A Votrax SC-01 speech synthesis chip is used to generate the incoherent speech of Q*bert swearing, Slick and Sam (high pitch) and Wrong-way and Ugg (low pitch). The only true speech ever generated is Q*bert saying 'Hello, I'm turned on' when the game is first powered up and 'Bye Bye' after entering your initials at the end of a game.
Approximately 30000 units were produced by Gottlieb.
Several early cabinets were produced with '@!#?@!' on the marquee.
Bob Gerhardt holds the official records for this game in 'Marathon' setting with 33273520 points on November 28, 1983.

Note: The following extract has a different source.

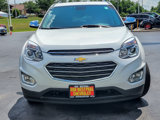 Used 2016 Chevrolet Equinox LTZ w/ Enhanced Convenience Package image 4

Tom Gault holds the official records for this game in 'Tournament' setting with 1,895,565 points.
A slightly different version known as 'Mello Yello' was programmed for promotion of the Mellow-Yellow softdrink, but it was never released to the market.
As well as being a huge commercial success as a game, Q*bert also provided revenue from its many tie-in products. Toys, games, and other products bearing the heroâs likeness all sold well. There was even a Q*bert cartoon; Saturday Supercade was a CBS cartoon series which featured a number of different segments starring various video game characters. In addition to the characters from the game, the Q*Bert segment featured Q*tee (Q*bert's girlfriend), Q*bit (his little brother), and others.
Such was the character's popularity at this time that Gottlieb assigned pinball designer, John Trudeau ("Creature From the Black Lagoon", "Congo"), to devise a Q*bert pinball. It was called "Q*bert's Quest" and Trudeau created an innovative design pattern that should have sparked arcade goers to try it. Remarkably, the table was a commercial flop. Released in March 1983, a paltry 884 machines dribbled out of the plant and further convinced management that pinball was indeed experiencing desperate times.
A Q*bert unit appears in the 1983 movie 'Koyaanisqatsi - Life out of Balance'.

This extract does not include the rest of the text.